The ‘327 patent teaches a system and a method to utilize floating point calculations in the computation of computer graphics.[7] The implementation of this system is carried out through hardware. While previous approaches had used floating point calculations through software emulations to render graphics, the ‘327 patent used “some portions or even the entire rasterization[8] process by hardware in a floating point format.”[9]

SGI raised the issues of claim construction and the Microsoft license interpretation on appeal. The District Court had interpreted three claim terms: “a rasterization process,” “scan conversion,” and “s10e5.”[10] ATI’s products used both fixed point and floating point values, but the District Court defined “a rasterization process” to be a single process utilizing floating point values. Alternatively, the Appeals Court held that the interpretation of “a rasterization process” defining a single process was incorrect, and; therefore, since it encapsulated potentially more than one process, it did include processes done with both fixed point and floating point values.[11] Additionally, the Appeals Court, referring to the ‘327 patent’s specification, held that the interpretation of “s10e5” to only include an exponent bias of 16 was incorrect (ATI’s devices use a bias of 15).[12] Lastly, the interpretation of “scan conversion” was held to be valid.[13]

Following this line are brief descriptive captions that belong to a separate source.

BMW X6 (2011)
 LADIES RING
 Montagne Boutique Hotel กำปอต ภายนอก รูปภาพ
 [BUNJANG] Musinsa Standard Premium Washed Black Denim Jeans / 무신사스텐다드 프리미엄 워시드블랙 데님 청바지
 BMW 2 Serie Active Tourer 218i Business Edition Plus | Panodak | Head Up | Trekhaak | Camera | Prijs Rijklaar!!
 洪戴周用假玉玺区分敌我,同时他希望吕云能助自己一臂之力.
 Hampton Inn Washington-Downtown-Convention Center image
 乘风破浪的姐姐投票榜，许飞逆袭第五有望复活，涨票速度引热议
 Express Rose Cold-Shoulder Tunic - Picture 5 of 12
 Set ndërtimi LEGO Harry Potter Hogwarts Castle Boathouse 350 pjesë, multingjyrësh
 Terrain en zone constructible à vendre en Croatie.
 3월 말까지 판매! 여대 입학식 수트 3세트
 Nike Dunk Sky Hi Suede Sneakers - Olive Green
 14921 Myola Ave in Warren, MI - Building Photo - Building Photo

Furthermore, SGI appealed the decision of the District Court in regards to the Microsoft license. The District Court had determined that direct infringement does not occur from licensed use, which resulted in the inability to find indirect infringement.[14] ATI had argued that end-users of the Microsoft OS are licensed. The Appeals Court held that the Windows OS only provides an avenue to activate the alleged infringing product, but infringement of an apparatus claim is not dependent on activation.[15] It hinges on merely being made or sold in the U.S.[16] The Appeals Court vacated the summary judgment ruling predicated on this error.

In concluding its analysis, the Appeals Court affirmed the District Courts decisions on issues raised on appeal by ATI. These decisions included ATI’s denied motions for judgment as a matter of law[17] and a motion for a new trial,[18] ATI’s waived/abandoned counter claims,[19] and ATI’s request to be awarded costs.[20] The case was remanded for consideration on the newly adopted claim term interpretations.[21]